** WORK TO COMPLETE **
All of the entries below are to be copied word for word.

** INPUT RECORDS **

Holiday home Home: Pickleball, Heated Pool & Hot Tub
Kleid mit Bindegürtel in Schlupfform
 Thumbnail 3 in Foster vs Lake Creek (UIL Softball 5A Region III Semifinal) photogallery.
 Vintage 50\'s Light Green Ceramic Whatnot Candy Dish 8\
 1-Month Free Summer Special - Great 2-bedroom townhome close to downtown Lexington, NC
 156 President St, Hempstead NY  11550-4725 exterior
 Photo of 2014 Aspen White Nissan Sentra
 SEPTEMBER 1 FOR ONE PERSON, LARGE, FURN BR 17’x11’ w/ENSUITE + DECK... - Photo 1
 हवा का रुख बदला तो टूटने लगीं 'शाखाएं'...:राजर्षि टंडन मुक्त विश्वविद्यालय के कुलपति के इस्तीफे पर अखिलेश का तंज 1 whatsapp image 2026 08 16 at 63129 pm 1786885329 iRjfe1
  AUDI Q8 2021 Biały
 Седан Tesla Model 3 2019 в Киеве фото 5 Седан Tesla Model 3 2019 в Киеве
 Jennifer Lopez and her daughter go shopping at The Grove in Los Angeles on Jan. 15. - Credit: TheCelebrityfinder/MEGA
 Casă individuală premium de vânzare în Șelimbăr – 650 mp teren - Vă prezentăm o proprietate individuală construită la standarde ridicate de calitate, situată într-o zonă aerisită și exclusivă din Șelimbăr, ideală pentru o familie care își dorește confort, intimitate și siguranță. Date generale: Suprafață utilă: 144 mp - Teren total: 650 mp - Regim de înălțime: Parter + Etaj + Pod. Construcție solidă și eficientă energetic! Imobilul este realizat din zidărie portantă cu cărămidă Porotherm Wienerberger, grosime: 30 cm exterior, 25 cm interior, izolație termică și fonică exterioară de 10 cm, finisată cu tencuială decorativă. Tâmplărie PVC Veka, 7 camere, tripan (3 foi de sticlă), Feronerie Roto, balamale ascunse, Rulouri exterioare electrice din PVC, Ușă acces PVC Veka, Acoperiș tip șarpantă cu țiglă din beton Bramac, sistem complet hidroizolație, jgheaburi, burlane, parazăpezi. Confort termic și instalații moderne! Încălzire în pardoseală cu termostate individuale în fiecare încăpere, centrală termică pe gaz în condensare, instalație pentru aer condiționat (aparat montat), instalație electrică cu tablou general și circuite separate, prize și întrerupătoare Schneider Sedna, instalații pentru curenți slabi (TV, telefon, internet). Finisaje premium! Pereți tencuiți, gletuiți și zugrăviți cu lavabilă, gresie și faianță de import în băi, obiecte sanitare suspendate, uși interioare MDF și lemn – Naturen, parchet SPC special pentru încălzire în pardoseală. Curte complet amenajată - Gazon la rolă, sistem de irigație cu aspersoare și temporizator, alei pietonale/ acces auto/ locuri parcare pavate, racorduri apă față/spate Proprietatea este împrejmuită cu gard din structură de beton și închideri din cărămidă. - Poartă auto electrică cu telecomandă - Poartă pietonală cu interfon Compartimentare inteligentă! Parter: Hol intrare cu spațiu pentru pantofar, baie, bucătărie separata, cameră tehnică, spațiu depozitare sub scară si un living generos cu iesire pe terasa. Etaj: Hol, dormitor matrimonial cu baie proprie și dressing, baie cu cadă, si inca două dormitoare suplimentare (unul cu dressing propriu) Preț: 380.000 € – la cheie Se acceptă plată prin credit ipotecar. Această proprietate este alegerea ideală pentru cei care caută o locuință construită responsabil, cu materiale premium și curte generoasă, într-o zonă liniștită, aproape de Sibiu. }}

** SOLUTION **
Holiday home Home: Pickleball, Heated Pool & Hot Tub
Kleid mit Bindegürtel in Schlupfform
 Thumbnail 3 in Foster vs Lake Creek (UIL Softball 5A Region III Semifinal) photogallery.
 Vintage 50\'s Light Green Ceramic Whatnot Candy Dish 8\
 1-Month Free Summer Special - Great 2-bedroom townhome close to downtown Lexington, NC
 156 President St, Hempstead NY  11550-4725 exterior
 Photo of 2014 Aspen White Nissan Sentra
 SEPTEMBER 1 FOR ONE PERSON, LARGE, FURN BR 17’x11’ w/ENSUITE + DECK... - Photo 1
 हवा का रुख बदला तो टूटने लगीं 'शाखाएं'...:राजर्षि टंडन मुक्त विश्वविद्यालय के कुलपति के इस्तीफे पर अखिलेश का तंज 1 whatsapp image 2026 08 16 at 63129 pm 1786885329 iRjfe1
  AUDI Q8 2021 Biały
 Седан Tesla Model 3 2019 в Киеве фото 5 Седан Tesla Model 3 2019 в Киеве
 Jennifer Lopez and her daughter go shopping at The Grove in Los Angeles on Jan. 15. - Credit: TheCelebrityfinder/MEGA
 Casă individuală premium de vânzare în Șelimbăr – 650 mp teren - Vă prezentăm o proprietate individuală construită la standarde ridicate de calitate, situată într-o zonă aerisită și exclusivă din Șelimbăr, ideală pentru o familie care își dorește confort, intimitate și siguranță. Date generale: Suprafață utilă: 144 mp - Teren total: 650 mp - Regim de înălțime: Parter + Etaj + Pod. Construcție solidă și eficientă energetic! Imobilul este realizat din zidărie portantă cu cărămidă Porotherm Wienerberger, grosime: 30 cm exterior, 25 cm interior, izolație termică și fonică exterioară de 10 cm, finisată cu tencuială decorativă. Tâmplărie PVC Veka, 7 camere, tripan (3 foi de sticlă), Feronerie Roto, balamale ascunse, Rulouri exterioare electrice din PVC, Ușă acces PVC Veka, Acoperiș tip șarpantă cu țiglă din beton Bramac, sistem complet hidroizolație, jgheaburi, burlane, parazăpezi. Confort termic și instalații moderne! Încălzire în pardoseală cu termostate individuale în fiecare încăpere, centrală termică pe gaz în condensare, instalație pentru aer condiționat (aparat montat), instalație electrică cu tablou general și circuite separate, prize și întrerupătoare Schneider Sedna, instalații pentru curenți slabi (TV, telefon, internet). Finisaje premium! Pereți tencuiți, gletuiți și zugrăviți cu lavabilă, gresie și faianță de import în băi, obiecte sanitare suspendate, uși interioare MDF și lemn – Naturen, parchet SPC special pentru încălzire în pardoseală. Curte complet amenajată - Gazon la rolă, sistem de irigație cu aspersoare și temporizator, alei pietonale/ acces auto/ locuri parcare pavate, racorduri apă față/spate Proprietatea este împrejmuită cu gard din structură de beton și închideri din cărămidă. - Poartă auto electrică cu telecomandă - Poartă pietonală cu interfon Compartimentare inteligentă! Parter: Hol intrare cu spațiu pentru pantofar, baie, bucătărie separata, cameră tehnică, spațiu depozitare sub scară si un living generos cu iesire pe terasa. Etaj: Hol, dormitor matrimonial cu baie proprie și dressing, baie cu cadă, si inca două dormitoare suplimentare (unul cu dressing propriu) Preț: 380.000 € – la cheie Se acceptă plată prin credit ipotecar. Această proprietate este alegerea ideală pentru cei care caută o locuință construită responsabil, cu materiale premium și curte generoasă, într-o zonă liniștită, aproape de Sibiu. }}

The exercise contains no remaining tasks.